KL: I’d be intrigued to see what would happen if we were to have a comics-making workshop at a conference like this. I attended one in Leeds a couple of months ago run by Una, author of Becoming Unbecoming,[5] and I really struggled, even just making a zine. We get so used to analysing these narratives, but trying to create them, even on a small scale, changes how we approach the form. I know that a lot of scholars who teach modules with graphic narratives have compulsory creative components on them.

FJ: I’d love to try something like that! I think that overall, the conference left me with more questions than answers (maybe this is the sign of a successful academic event!) The issue of media specificity was always at the back of my mind but was not explicitly addressed in any of the papers or discussions. Do different media do different work in the telling of stories of health and sickness? How does a comic operate that is different from a photograph, or a film from an exhibition? Also, a number of papers (my own included) seemed to be moving towards the idea that illness necessitates formal innovation and new forms of creative expression. This is a seductive theory, but I am wary; I would argue that formal innovation cannot always be reduced to a response to sickness, but can equally de understood as a sign that the work is situating itself in dialogue with other developments in art-making or creative practice. Essentially, I am suspicious of scholarship that reduces illness narratives to ‘just’ being about illness:  poor health is not simply a totalising, individual experience, but is also a social, cultural, economic, and indeed, creative and artistic phenomenon.

 

Curating Health: Graphic Medicine and Visual Representations of Illness was organised by the Nordic Network for Gender, Body and Health in collaboration with the Division for Gender Studies, Stockholm University, and took place in Stockholm, 3-4 December 2018. We would like to thank the conference convenors for creating a stimulating and thought-provoking event.

 

Over the coming weeks, The Polyphony will publish a selection of articles based on presentations given at Curating Health. Watch out for texts by: Lisa Diedrich on her keynote “Graphic analysis: On drawing illness and care as queer in graphic narratives”; Liz Brewster on using graphic medicine for teaching medical students; Katy Connor, Maria Fannin and Julie Kent on their arts-science collaboration Blood Cultures; Elena Carter and Anthony Day of the Wellcome Trust on working with Audrey Amiss’ archive; Kimiko Tobimatsu on her graphic novel Kimiko Does Cancer; Tony Pickering on drawing his father’s dementia; and Nina Eide and Marte Huke on their collaborative exhibition U;REDD (FEARLESS) – exhibiting anxiety.

[1] Hillary L. Chute, Graphic Women: Life Narrative and Contemporary Comics (New York: Columbia University Press, 2010), and Disaster Drawn: Visual Witness, Comics, and Documentary Form (Cambridge, Mass.: Harvard University Press, 2016).

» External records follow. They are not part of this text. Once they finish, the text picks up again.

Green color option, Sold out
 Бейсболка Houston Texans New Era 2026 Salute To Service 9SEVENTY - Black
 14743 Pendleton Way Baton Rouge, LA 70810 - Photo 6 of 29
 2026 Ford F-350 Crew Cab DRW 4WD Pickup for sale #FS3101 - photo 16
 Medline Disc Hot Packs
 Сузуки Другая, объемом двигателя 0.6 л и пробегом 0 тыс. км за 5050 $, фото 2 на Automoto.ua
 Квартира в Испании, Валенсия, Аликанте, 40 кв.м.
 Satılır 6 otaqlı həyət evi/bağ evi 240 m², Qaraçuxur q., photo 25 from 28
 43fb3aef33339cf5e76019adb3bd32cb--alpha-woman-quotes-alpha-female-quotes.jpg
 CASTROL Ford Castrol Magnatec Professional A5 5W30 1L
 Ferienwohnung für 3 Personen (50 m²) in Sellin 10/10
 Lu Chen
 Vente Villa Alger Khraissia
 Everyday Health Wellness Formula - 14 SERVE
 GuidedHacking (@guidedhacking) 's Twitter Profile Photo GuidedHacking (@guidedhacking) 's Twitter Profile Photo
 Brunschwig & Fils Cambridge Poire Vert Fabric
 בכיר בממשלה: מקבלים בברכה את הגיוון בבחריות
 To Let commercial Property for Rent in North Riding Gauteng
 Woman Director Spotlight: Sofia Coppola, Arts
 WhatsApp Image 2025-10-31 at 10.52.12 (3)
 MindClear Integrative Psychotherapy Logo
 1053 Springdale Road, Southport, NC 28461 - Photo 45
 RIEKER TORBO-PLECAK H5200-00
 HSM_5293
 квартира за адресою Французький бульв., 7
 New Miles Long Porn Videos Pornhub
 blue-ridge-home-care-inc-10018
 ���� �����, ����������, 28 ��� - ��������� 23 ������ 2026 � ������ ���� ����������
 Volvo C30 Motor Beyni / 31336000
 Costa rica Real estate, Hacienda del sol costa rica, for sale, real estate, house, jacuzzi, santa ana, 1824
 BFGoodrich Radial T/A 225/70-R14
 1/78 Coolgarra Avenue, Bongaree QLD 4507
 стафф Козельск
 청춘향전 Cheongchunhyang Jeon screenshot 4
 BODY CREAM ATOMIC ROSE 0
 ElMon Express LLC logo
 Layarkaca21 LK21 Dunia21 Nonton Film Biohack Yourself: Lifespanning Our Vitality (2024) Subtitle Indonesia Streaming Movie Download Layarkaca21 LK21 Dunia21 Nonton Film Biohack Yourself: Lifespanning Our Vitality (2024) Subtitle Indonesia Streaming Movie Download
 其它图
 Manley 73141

[2] Tamar Tembeck, ed., Auto/Pathographies (Alma: Sagamie édition d’art, 2014); Tamar Tembeck, ‘Selfies of Ill Health: Online Autopathographic Photography and the Dramaturgy of the Everyday’, Social Media + Society 2, no. 1 (2016), https://doi.org/DOI: 10.1177/2056305116641343.

[3] Ann Jurecic, Illness as Narrative (Pittsburgh, PA: University of Pittsburg Press, 2012).

[4] Amelia DeFalco, ‘Graphic Somatography: Life Writing, Comics, and the Ethics of Care’, Journal of Medical Humanities 37, no. 3 (2016): 223–40.

[5] Una, Becoming Unbecoming (Myriad, 2015).